[Task to carry out]:
From the records below, please repeat exactly the line that has "Dries Van Noten", the line that has "Fox Photos/Getty Images)", and every line between them, and nothing else.

[Web page caption snippets]:

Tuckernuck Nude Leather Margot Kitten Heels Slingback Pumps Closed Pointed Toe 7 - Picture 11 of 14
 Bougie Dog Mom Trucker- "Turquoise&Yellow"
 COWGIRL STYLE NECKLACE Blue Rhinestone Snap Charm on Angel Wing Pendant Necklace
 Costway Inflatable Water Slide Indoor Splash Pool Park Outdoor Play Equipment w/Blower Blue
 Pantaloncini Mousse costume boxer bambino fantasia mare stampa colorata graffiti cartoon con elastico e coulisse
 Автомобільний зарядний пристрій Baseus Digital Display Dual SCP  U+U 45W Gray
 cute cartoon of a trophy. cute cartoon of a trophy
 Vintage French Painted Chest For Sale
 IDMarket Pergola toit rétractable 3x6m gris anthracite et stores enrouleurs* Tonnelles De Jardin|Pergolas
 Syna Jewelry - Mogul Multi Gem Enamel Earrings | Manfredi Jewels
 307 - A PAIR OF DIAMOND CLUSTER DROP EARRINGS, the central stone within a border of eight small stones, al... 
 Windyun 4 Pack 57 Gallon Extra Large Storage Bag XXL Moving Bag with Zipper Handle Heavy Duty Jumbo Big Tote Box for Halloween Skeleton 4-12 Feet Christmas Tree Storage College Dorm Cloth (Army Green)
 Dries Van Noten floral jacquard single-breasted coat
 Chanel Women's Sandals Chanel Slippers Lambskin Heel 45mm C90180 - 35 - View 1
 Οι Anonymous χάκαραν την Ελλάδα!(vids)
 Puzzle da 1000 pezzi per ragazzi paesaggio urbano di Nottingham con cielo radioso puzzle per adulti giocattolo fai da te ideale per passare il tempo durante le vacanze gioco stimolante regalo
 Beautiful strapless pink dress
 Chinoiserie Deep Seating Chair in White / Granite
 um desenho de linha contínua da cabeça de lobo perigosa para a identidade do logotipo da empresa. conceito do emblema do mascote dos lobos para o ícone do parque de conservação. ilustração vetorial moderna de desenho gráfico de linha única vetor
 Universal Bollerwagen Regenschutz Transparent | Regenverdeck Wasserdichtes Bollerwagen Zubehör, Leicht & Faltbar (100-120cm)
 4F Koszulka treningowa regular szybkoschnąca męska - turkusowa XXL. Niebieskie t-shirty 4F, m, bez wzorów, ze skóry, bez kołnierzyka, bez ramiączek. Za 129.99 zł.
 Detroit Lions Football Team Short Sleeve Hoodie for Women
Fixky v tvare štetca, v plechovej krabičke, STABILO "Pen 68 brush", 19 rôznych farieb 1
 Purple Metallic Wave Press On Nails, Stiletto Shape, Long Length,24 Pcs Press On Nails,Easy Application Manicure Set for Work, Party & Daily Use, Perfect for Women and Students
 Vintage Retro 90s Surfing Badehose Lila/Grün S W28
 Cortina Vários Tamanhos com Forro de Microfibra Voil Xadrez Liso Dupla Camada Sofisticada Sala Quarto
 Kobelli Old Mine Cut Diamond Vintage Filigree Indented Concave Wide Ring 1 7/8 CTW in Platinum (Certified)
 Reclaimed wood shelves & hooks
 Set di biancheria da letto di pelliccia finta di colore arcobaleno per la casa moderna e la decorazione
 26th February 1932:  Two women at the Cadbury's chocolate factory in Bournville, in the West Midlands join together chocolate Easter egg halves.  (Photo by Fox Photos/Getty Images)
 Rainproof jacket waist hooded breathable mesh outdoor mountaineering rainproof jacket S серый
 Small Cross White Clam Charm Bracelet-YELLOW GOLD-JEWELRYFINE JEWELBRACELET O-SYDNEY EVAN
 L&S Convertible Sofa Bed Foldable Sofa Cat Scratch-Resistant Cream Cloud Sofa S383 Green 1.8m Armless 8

[Task result]:
 Dries Van Noten floral jacquard single-breasted coat
 Chanel Women's Sandals Chanel Slippers Lambskin Heel 45mm C90180 - 35 - View 1
 Οι Anonymous χάκαραν την Ελλάδα!(vids)
 Puzzle da 1000 pezzi per ragazzi paesaggio urbano di Nottingham con cielo radioso puzzle per adulti giocattolo fai da te ideale per passare il tempo durante le vacanze gioco stimolante regalo
 Beautiful strapless pink dress
 Chinoiserie Deep Seating Chair in White / Granite
 um desenho de linha contínua da cabeça de lobo perigosa para a identidade do logotipo da empresa. conceito do emblema do mascote dos lobos para o ícone do parque de conservação. ilustração vetorial moderna de desenho gráfico de linha única vetor
 Universal Bollerwagen Regenschutz Transparent | Regenverdeck Wasserdichtes Bollerwagen Zubehör, Leicht & Faltbar (100-120cm)
 4F Koszulka treningowa regular szybkoschnąca męska - turkusowa XXL. Niebieskie t-shirty 4F, m, bez wzorów, ze skóry, bez kołnierzyka, bez ramiączek. Za 129.99 zł.
 Detroit Lions Football Team Short Sleeve Hoodie for Women
Fixky v tvare štetca, v plechovej krabičke, STABILO "Pen 68 brush", 19 rôznych farieb 1
 Purple Metallic Wave Press On Nails, Stiletto Shape, Long Length,24 Pcs Press On Nails,Easy Application Manicure Set for Work, Party & Daily Use, Perfect for Women and Students
 Vintage Retro 90s Surfing Badehose Lila/Grün S W28
 Cortina Vários Tamanhos com Forro de Microfibra Voil Xadrez Liso Dupla Camada Sofisticada Sala Quarto
 Kobelli Old Mine Cut Diamond Vintage Filigree Indented Concave Wide Ring 1 7/8 CTW in Platinum (Certified)
 Reclaimed wood shelves & hooks
 Set di biancheria da letto di pelliccia finta di colore arcobaleno per la casa moderna e la decorazione
 26th February 1932:  Two women at the Cadbury's chocolate factory in Bournville, in the West Midlands join together chocolate Easter egg halves.  (Photo by Fox Photos/Getty Images)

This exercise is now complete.